U.S. President Donald Trump set the Friday deadline to raise tariffs after the United States accused China of reneging earlier this week on commitments made during months of talks to end their trade war.
"They broke the deal. So they're flying in. The vice premier tomorrow is flying in, but they broke the deal. They can't do that. So they'll be paying," Trump told supporters at a rally in Florida.
Earlier Wednesday, Trump said he would be "happy" to maintain tariffs on Chinese imports, and added that Beijing would be mistaken if it hopes to negotiate trade later with a Democratic presidential administration.

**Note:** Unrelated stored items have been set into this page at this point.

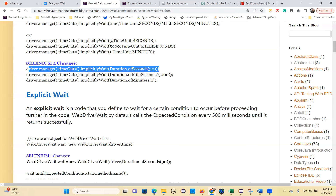frameToBeAvailableAndSwitchToIt() has four overloaded versions with different parameter types: int frameLocator, String frameLocator, By locator, and WebElement frameLocator — all with one parameter but different data types. All four wait for the frame to be available and switch to it. You call: ExpectedConditions.frameToBeAvailableAndSwitchToIt().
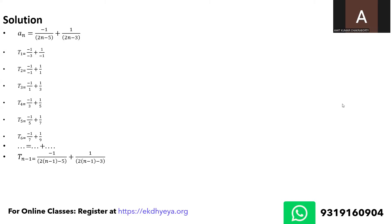So if you look at the t_n minus 1 term, look at the second term: it actually is plus 1 upon 2n minus 5 because 2 times n minus 1 minus 3 is 2n minus 5, and look at t_n, the first term is minus 2n minus 5.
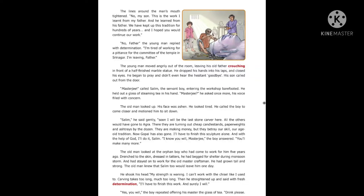He looked tired. He called the boy to come closer and motioned him to sit down. 'Salim,' he said gently, 'soon I will be the last stone carver here. All the others would have gone to Agra. There they are turning out cheap candle stands, paperweights, and ashtrays by the dozen. They are making money, but they betray our skill, our age-old tradition. Now Gopal has also gone. I will have to finish this sculpture alone, and with the help of God I will do it.' 'I know you will, Master Jing,' the boy answered. 'You will make many more.'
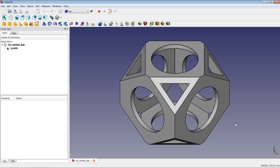Hello and welcome to another video tutorial about FreeCAD. In this video tutorial, we are going to model this wiffle ball shown here on the screen, and we will use the PART workbench this time.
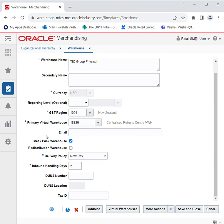You have to select this only when you are in need of such redistribution. Then you can select the Delivery Policy from the drop-down — it can either be Next Day or Next Valid Delivery Day.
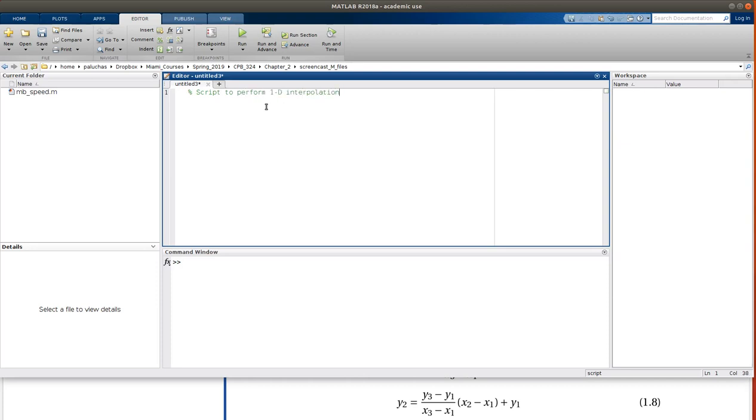So it'll be a script to perform 1D interpolation. And since in the derivation we had a table that laid out what exactly it was, let's try and draw it, for lack of a better word.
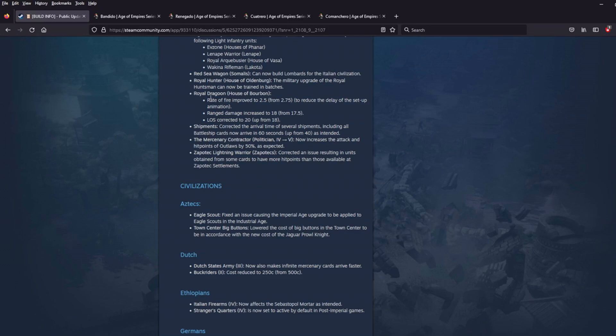The Royal Dragoon for House of Bourbon. Rate of Fire improved to 2.5 from 2.75 to reduce the delay of the setup animation. Range damage increased to 18 from 17.5. And Line of Sight corrected to 20 up from 18. Just all-around boost for the Royal Dragoon. Really, really, really nice pickup there for them.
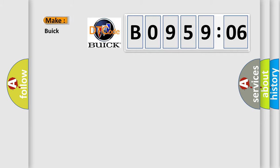So, what does the diagnostic trouble code B095906 interpret specifically for Buick car manufacturers?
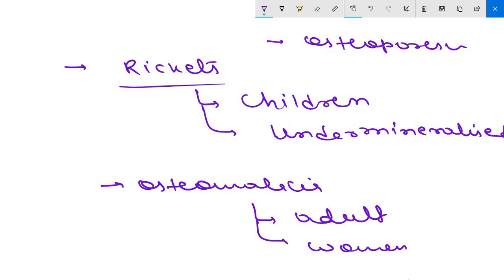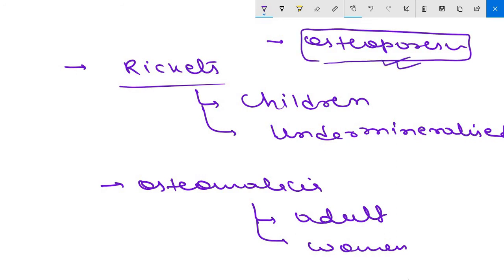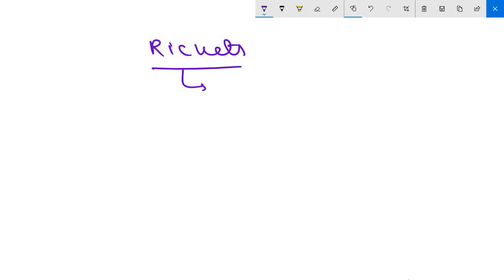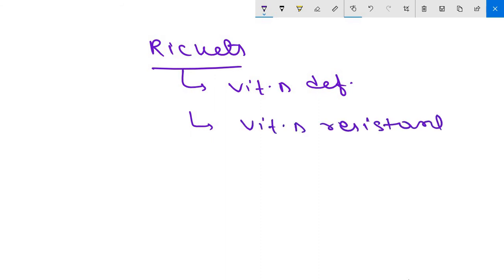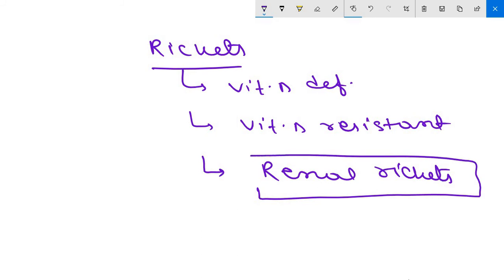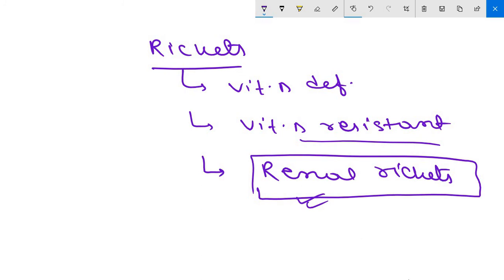The third condition is osteoporosis; vitamin D is essential for prevention and treatment of osteomalacia in the elderly. Regarding types of rickets: the first is vitamin D deficiency rickets; the second is vitamin D-resistant rickets, associated with Fanconi syndrome; the third is renal rickets, seen in kidney diseases where 1-alpha-hydroxylase is absent so calcitriol cannot be synthesized despite vitamin D being available.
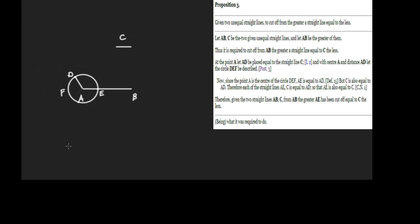That completes the construction. The claim is that this line AE is equal to C and is therefore removing from AB a line equal to C, cutting off from AB a line equal to C, which is what we're trying to do.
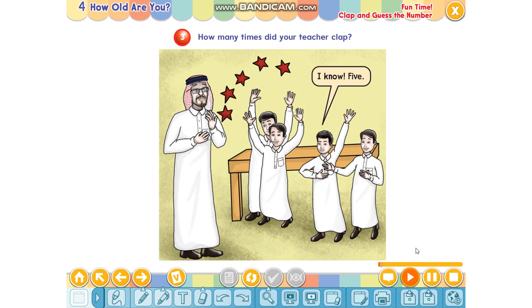Are you ready? Let's start. Eight. I know five. I know three. I know seven. Seven. Seven. I know. Four. Okay. Good. Let's play for real.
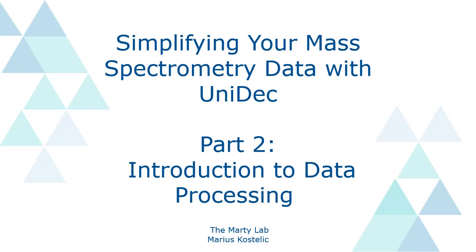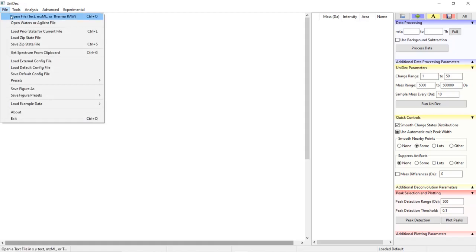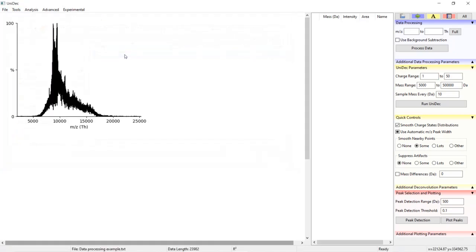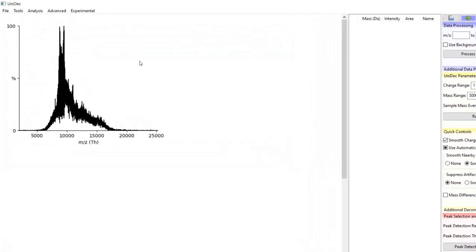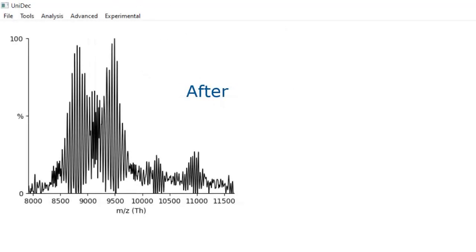In part three we will cover advanced data processing options in UniDec. In part one of this series we learned how to import mass spectra into UniDec, and now that our data is in UniDec we can begin the processing of it for the best deconvolution possible.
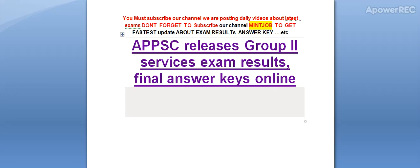Hi friends, you must subscribe our channel — we are posting daily videos about latest exams. Today I am telling you: Andhra Pradesh Public Service Commission releases Group 2 Service exam results and final answer key online.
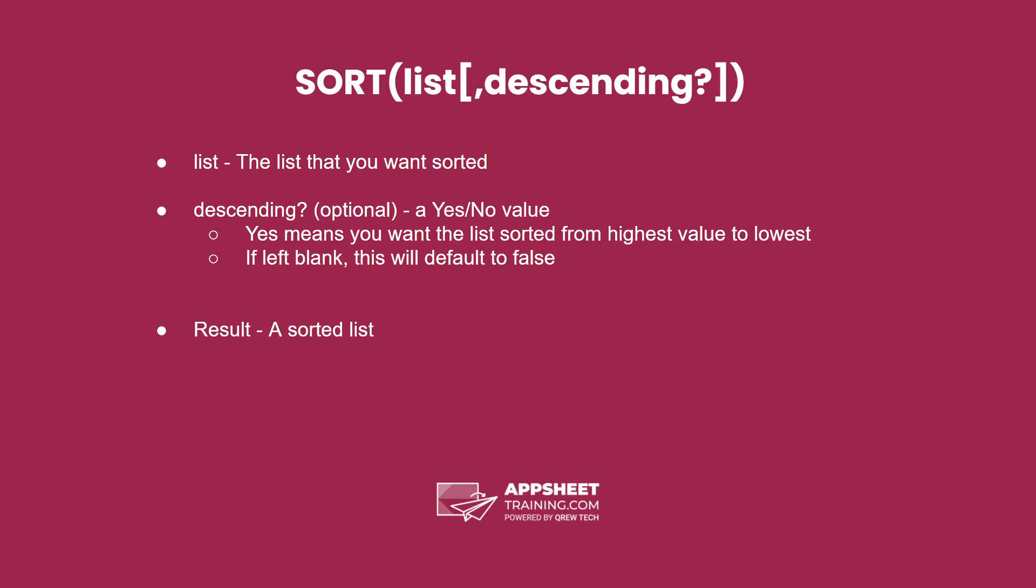Otherwise, if you put yes, it will sort in descending order from highest to lowest. The result is a sorted list.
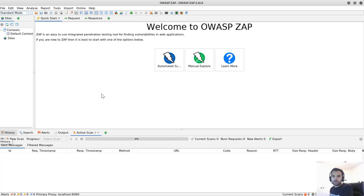Hello everyone. Welcome back to CyberSecure TV. This week we're going to talk about the OWASP ZAP.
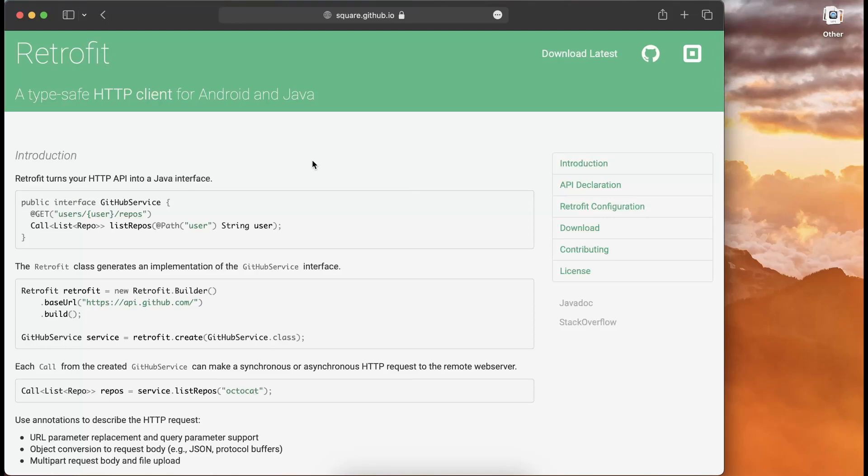Hi everyone! In this video we are going to get started with Retrofit, a tool available for making API requests and getting responses. Retrofit is widely used and very popular, and you will see how easy it is to make API requests.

Chinese Commerce Ministry spokesman Gao Feng told reporters in Beijing Thursday that China will not bow to any pressure, and warned it has the "determination and ability to defend its own interests." The ministry issued an earlier statement vowing to take any "necessary" countermeasures if the tax is implemented.
The Trump administration hopes the new tariffs will force changes in China's trade, subsidy and intellectual property practices.
The two sides have been unable to reach a deal due, in part, to differences over the enforcement of an agreement and a timeline for removing the tariffs.